In Brown v. Maloney, 267 F.3d 36 (1st Cir.2001), a case that we decided subsequently to O’Brien without applying the O’Brien standard, the panel emphasized that the “unreasonable application” prong under § 2254(d)(1) “reduces to the question of whether the state court’s derivation of a case-specific rule from the Supreme *606Court’s jurisprudence on the point appears to be objectively reasonable. The test is not so stringent as to require that all reasonable jurists agree the state court decision was unreasonable.” 267 F.3d at 40 (citing Williams, 529 U.S. at 409-10, 120 S.Ct. 1495). I am inclined to agree with this formulation. I do not believe that, read literally, the “outside the universe of plausible, credible outcomes” test of O’Brien is consistent with it.

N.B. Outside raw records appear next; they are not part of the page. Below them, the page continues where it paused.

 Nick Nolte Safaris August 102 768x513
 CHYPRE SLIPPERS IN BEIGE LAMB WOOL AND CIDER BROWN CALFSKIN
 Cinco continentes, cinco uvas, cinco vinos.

Indeed, I must confess that I struggle to understand how the O’Brien standard actually works. For example, that standard could mean that if one court applied or could apply the relevant federal rule in the same manner as the state court decision under review, that state court decision would not be outside the universe of plausible, credible outcomes. If so, such a standard reduces the “unreasonable application” standard to the subjective inquiry rejected in Williams, and effectively requires that all reasonable jurists agree that the state court decision was unreasonable. Although I recognize the sea change in habeas review enacted by AEDPA, I do not understand that change to require an “unreasonable application” standard for § 2254(d)(1) that virtually insulates state court decisions from meaningful review.

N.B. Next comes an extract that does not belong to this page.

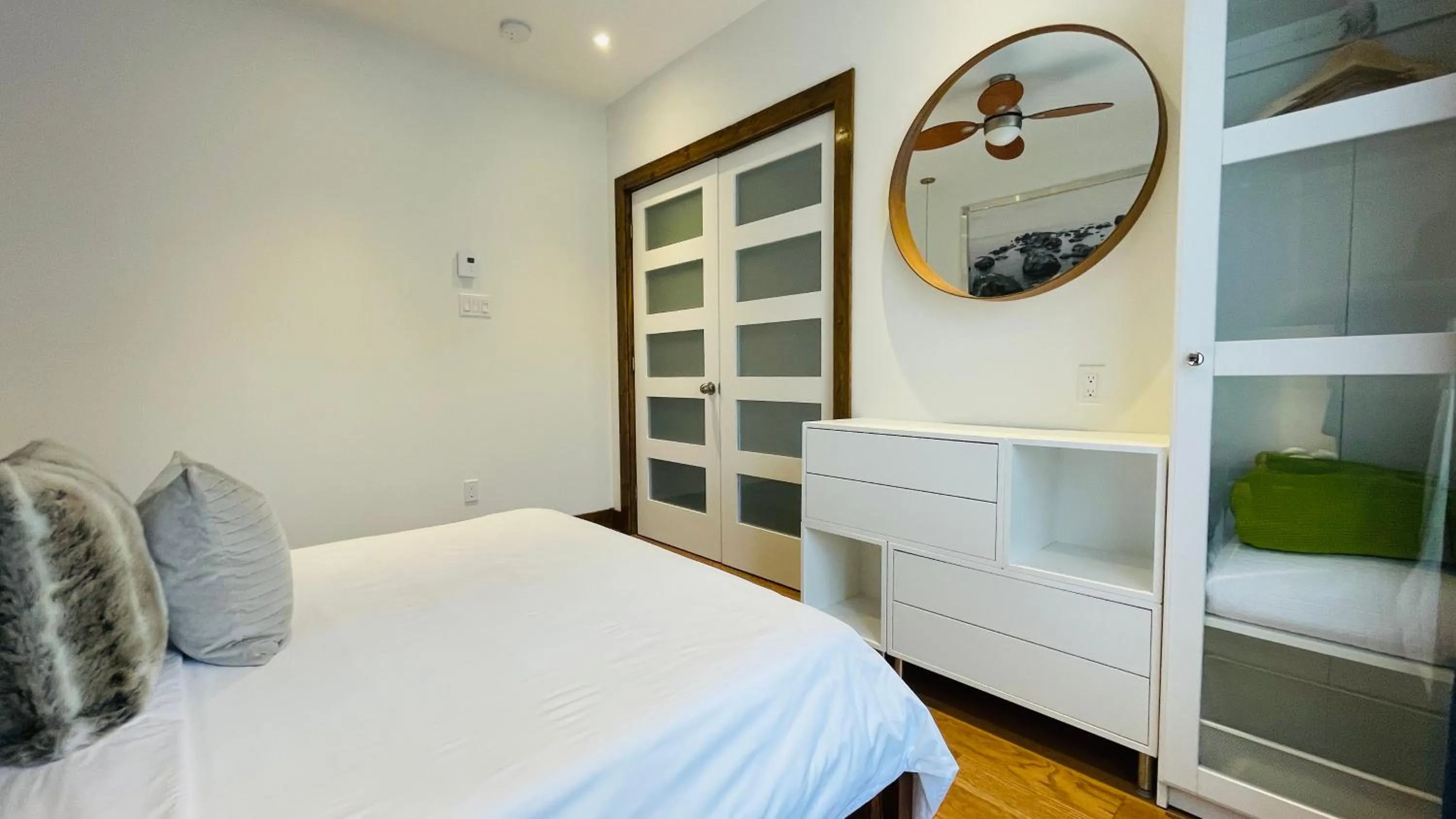 Photo of the whole room, Bed in Lofts Jacques-Cartier Free Parking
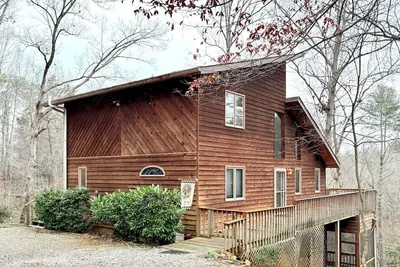 Image de Azure Springs- Secluded Mountain Retreat in Dahlonega. Perfect for Families!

Again, however, this exception to the majority’s opinion does not alter my view that the majority opinion reaches the correct result. For that reason, this concurrence is not an occasion to elaborate further on the exception that I note. Eventually, however, there will be a case where the formulation of the “unreasonable application” standard does make a difference and we will have to resolve this important issue.